■ **Supplied material**
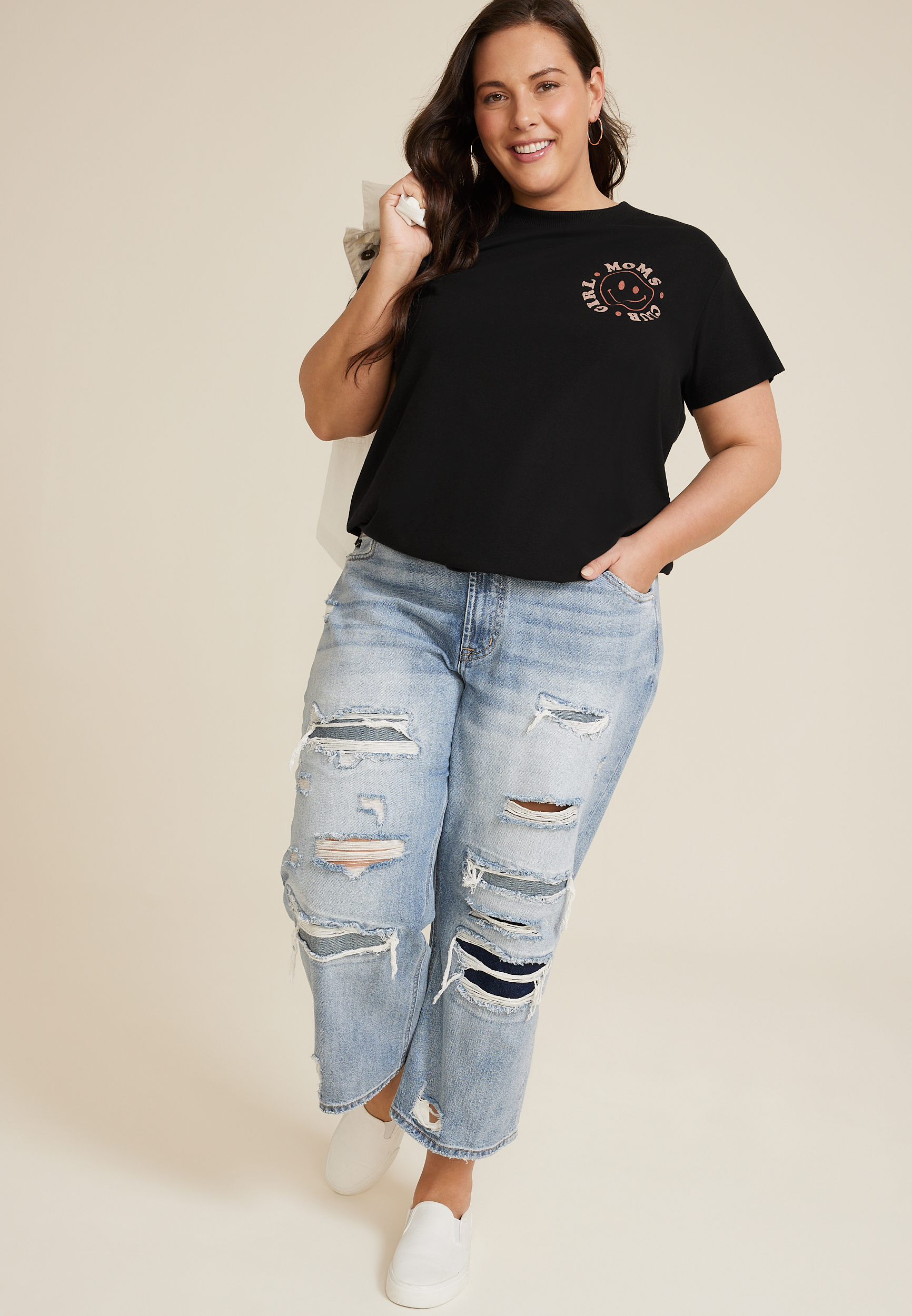 Plus Size Girl Moms Club Oversized Fit Graphic Tee, BLACK, large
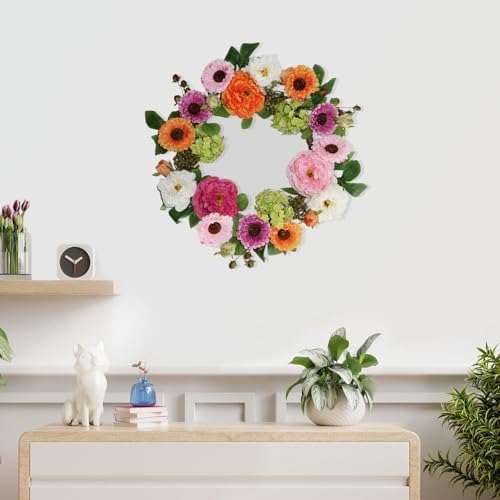 18 Inch Summer Wreaths for Front Door, Colorful Spring Summer Floral Wreath with Peony, Hydrangea and Greenery, Premium Artificial Wreath for Porch Wall Entryway Farmhouse Home Decor - Image 5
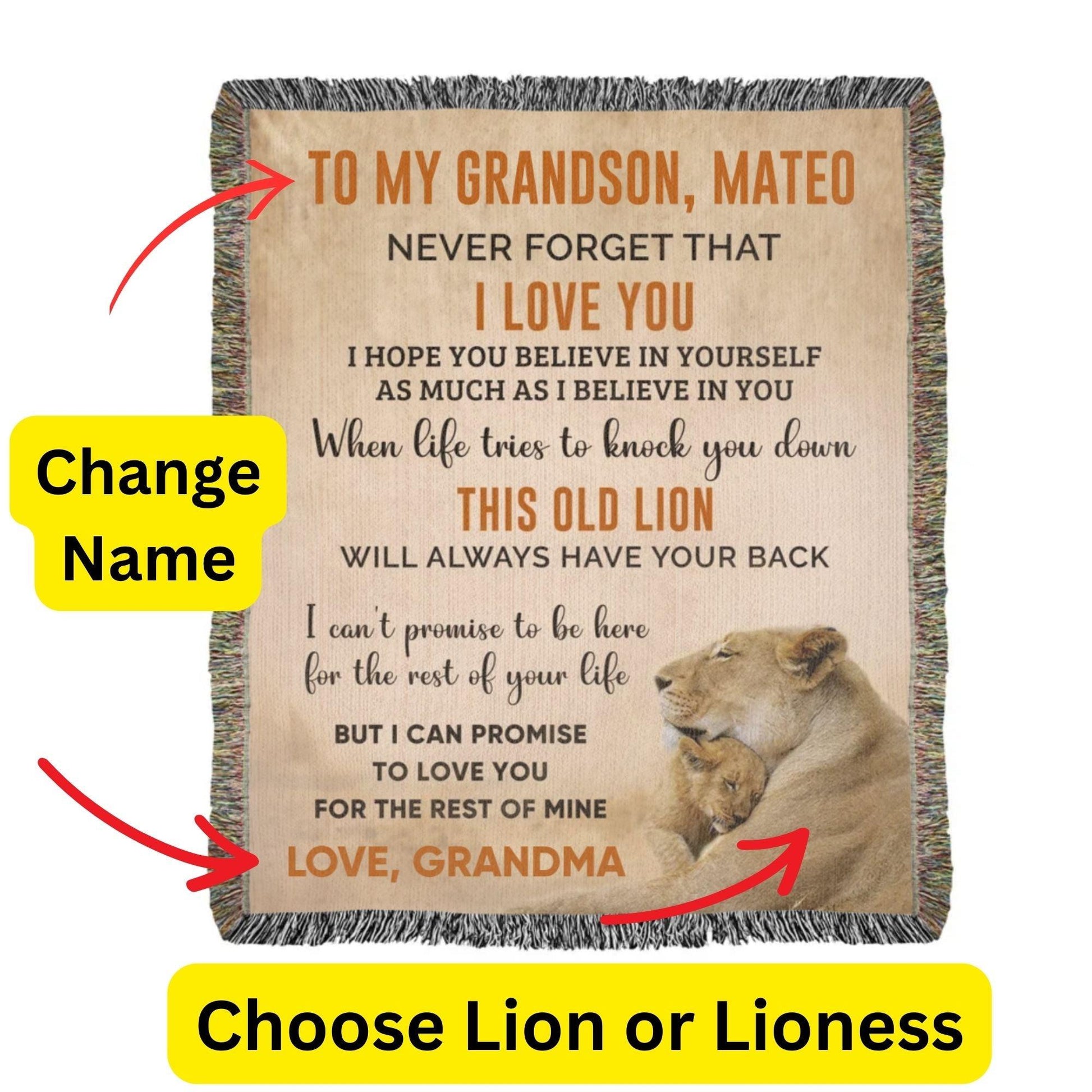 To My Grandson This Old Lion Will Always Have Your Back Personalized Heirloom Woven Blanket - Mallard Moon Gift Shop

■ **About this exercise**
Each of the lines above should be transcribed exactly; no image is to be copied.

■ **Task result**
 Plus Size Girl Moms Club Oversized Fit Graphic Tee, BLACK, large
 18 Inch Summer Wreaths for Front Door, Colorful Spring Summer Floral Wreath with Peony, Hydrangea and Greenery, Premium Artificial Wreath for Porch Wall Entryway Farmhouse Home Decor - Image 5
 To My Grandson This Old Lion Will Always Have Your Back Personalized Heirloom Woven Blanket - Mallard Moon Gift Shop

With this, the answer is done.